Very recently h0mbre published a very detailed writeup about his attempt to exploit an n-day in Google’s kernelCTF. As part of this, the exploit must escape the container environment.

Container environments are typically based on Linux Namespaces. Every namespace can give a different perspective on OS resources and in particular they allow to give a different view of the filesystem. Container solutions can use that behaviour to give the impression of a different filesystem root while it actually is a subfolder on the host’s filesystem (compare to chroot(1)).

h0mbre noted at the end of his writeup that he struggled shortly to read the actual flag from the host after the exploit escalated privileges perfectly and the nsproxy member of the exploit’s task_struct was successfully overwritten. The exploit still had the filesystem root of the container. The reason for this is that the exploit still lives in the container’s namespace. h0mbre therefore opted to call setns(2) in order to change the mount namespace to the one of the host’s init process which changes the filesystem root to that of the host.

I wrote myself about the very same topic in the blog of my current employer. However, I choose to overwrite the fs member of the exploit’s task_struct. That worked out as well.

The reason why both solutions work equivalent can be found in the function mntns_install. It is called by the setns(2) syscall which sets the namespaces of a thread according to the procfs-namespace symbolic link given as the first argument. It calls the functions set_fs_pwd and set_fs_root in turn which set the current directory and filesystem root according to the linked namespace. Because the cred and nsproxy member of the exploit’s task_struct are already overwritten, using the /proc/self/ns/mnt link for the mount namespace will set the mount namespace to the one of the host’s init process and accordingly set the fs object to have the host’s filesystem root.

Simply overwritting the fs member in task_struct just has the same effect.

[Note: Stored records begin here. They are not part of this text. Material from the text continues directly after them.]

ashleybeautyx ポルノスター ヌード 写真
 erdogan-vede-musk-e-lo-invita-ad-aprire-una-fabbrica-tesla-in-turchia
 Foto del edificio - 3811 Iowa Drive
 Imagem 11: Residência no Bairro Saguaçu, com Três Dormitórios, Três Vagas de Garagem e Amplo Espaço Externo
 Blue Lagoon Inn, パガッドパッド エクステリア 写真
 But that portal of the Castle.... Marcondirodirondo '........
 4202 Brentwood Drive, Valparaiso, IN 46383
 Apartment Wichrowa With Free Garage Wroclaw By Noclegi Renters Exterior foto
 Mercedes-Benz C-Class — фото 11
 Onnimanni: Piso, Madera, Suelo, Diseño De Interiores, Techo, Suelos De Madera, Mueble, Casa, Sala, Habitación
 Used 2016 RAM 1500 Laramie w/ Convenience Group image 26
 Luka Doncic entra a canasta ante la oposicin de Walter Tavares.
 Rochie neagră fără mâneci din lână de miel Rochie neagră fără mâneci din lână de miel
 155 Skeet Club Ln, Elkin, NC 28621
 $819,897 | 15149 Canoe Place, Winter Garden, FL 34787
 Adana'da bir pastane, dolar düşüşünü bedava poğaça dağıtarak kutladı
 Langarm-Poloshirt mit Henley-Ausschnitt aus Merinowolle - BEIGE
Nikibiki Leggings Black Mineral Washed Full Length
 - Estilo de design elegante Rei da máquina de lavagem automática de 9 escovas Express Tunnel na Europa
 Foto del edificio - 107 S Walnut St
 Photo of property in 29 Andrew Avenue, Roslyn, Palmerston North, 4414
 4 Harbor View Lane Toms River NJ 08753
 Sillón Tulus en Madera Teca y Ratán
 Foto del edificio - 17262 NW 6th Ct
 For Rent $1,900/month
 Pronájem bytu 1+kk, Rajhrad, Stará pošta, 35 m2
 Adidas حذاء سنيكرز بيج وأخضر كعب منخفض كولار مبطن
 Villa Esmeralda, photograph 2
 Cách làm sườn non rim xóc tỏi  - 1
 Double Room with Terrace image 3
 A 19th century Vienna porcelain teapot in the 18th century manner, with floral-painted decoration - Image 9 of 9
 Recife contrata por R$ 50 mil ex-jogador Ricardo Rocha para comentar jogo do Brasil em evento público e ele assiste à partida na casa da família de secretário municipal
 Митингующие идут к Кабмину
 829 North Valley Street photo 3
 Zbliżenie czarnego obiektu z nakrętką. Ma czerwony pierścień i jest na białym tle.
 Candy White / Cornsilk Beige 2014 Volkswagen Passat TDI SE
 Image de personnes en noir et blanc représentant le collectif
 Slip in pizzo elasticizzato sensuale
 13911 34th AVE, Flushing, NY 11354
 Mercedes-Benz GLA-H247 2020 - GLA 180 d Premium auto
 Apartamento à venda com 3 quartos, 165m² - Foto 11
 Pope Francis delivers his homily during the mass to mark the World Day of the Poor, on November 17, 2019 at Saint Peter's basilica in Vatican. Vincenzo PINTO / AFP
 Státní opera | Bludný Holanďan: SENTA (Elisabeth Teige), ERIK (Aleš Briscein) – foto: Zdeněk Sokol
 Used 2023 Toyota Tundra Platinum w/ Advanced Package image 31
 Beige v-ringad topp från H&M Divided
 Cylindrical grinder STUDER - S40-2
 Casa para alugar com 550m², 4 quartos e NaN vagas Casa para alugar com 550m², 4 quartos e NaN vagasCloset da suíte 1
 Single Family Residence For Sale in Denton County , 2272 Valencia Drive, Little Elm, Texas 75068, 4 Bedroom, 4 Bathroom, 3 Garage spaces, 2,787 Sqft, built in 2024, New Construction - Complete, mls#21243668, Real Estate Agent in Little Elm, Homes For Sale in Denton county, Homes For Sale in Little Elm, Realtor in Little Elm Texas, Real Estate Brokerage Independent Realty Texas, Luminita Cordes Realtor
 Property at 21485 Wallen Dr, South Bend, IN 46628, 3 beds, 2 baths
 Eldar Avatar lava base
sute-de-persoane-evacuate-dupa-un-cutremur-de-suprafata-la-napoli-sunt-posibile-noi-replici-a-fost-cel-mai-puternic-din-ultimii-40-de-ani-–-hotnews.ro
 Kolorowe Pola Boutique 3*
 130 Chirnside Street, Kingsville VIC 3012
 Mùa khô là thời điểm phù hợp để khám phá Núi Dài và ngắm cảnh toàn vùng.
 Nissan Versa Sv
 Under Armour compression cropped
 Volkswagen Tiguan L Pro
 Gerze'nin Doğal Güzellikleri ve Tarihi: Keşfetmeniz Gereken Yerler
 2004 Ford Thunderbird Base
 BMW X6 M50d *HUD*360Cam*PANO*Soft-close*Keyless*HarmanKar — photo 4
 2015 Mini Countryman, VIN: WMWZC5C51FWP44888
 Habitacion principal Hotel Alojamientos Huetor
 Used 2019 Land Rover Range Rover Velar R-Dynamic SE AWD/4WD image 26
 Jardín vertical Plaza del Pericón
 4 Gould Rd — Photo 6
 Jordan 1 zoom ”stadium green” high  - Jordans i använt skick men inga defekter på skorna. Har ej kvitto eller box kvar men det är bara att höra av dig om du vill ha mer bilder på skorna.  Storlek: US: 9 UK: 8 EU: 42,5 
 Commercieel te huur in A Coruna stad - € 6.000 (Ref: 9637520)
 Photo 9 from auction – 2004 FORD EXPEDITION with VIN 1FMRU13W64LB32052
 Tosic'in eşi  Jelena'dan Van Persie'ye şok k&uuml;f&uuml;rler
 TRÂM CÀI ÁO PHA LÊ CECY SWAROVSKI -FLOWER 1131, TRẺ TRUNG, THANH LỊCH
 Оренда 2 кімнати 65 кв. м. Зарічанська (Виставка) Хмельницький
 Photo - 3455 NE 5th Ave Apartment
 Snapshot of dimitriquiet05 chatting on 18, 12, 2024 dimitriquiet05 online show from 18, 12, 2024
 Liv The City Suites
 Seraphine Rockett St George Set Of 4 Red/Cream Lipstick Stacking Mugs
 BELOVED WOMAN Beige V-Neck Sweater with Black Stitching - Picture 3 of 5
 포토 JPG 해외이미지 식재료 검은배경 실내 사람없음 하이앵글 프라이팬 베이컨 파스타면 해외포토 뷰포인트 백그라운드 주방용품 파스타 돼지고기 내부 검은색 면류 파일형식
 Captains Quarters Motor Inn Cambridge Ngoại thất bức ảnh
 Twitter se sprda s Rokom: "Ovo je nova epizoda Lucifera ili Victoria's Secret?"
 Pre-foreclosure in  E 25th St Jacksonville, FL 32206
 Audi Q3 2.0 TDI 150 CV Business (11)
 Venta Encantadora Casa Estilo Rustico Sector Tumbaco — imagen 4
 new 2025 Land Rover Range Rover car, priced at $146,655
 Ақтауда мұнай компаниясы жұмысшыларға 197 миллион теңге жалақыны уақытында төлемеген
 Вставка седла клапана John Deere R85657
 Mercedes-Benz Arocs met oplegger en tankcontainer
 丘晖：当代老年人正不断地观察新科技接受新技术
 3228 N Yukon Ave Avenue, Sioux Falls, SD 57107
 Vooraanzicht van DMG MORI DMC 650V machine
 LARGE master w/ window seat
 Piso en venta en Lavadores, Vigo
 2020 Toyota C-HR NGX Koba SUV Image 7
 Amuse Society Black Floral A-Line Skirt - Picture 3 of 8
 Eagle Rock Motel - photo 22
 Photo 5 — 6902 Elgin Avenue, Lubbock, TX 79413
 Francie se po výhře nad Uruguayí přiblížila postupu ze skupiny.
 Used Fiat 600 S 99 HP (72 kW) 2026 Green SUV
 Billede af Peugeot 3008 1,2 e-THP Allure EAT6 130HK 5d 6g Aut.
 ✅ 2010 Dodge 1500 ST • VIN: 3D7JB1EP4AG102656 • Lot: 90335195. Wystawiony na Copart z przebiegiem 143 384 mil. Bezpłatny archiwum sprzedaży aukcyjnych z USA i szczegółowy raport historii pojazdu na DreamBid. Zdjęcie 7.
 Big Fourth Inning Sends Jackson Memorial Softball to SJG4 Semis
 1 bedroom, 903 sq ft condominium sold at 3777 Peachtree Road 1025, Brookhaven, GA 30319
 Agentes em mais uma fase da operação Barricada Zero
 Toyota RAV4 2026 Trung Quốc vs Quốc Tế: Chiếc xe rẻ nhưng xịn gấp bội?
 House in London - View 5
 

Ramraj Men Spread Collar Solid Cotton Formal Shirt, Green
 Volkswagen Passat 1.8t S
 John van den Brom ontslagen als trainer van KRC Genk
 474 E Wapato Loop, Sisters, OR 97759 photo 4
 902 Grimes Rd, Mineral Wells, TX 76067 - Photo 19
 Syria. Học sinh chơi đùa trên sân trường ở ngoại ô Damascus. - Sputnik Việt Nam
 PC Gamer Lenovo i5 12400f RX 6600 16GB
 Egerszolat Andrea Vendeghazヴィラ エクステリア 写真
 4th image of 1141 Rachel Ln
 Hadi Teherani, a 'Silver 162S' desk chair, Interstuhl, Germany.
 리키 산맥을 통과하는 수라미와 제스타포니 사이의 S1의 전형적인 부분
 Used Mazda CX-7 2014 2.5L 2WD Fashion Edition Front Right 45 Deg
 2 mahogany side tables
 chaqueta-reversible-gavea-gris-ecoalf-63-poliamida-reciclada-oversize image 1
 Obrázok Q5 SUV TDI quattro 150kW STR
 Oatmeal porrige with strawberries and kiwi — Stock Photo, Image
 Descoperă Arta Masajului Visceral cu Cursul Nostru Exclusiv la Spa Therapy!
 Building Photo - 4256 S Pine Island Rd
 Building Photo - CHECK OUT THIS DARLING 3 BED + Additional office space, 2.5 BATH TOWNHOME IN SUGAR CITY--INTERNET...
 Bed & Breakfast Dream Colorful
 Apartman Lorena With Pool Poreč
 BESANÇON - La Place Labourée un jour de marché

Which solution is better depends probably on the exploit and available primitives. In a ROP chain scenario using setns(2) is probably easier as the exploit could just jump to the function instead of collection a lot of ROP gadgets to overwrite fs in task_struct. On the other side, in one PoC exploit I experimented with, the arbitrary write primitive turned out unreliable for overwriting complete pointers. Depending on the primitive, the signal handlers after nsproxy could be corrupted, too, again resulting in a very unstable exploit (h0mbre described that particular case as well). Just overwriting fs turned out to be much more reliable in those cases for me.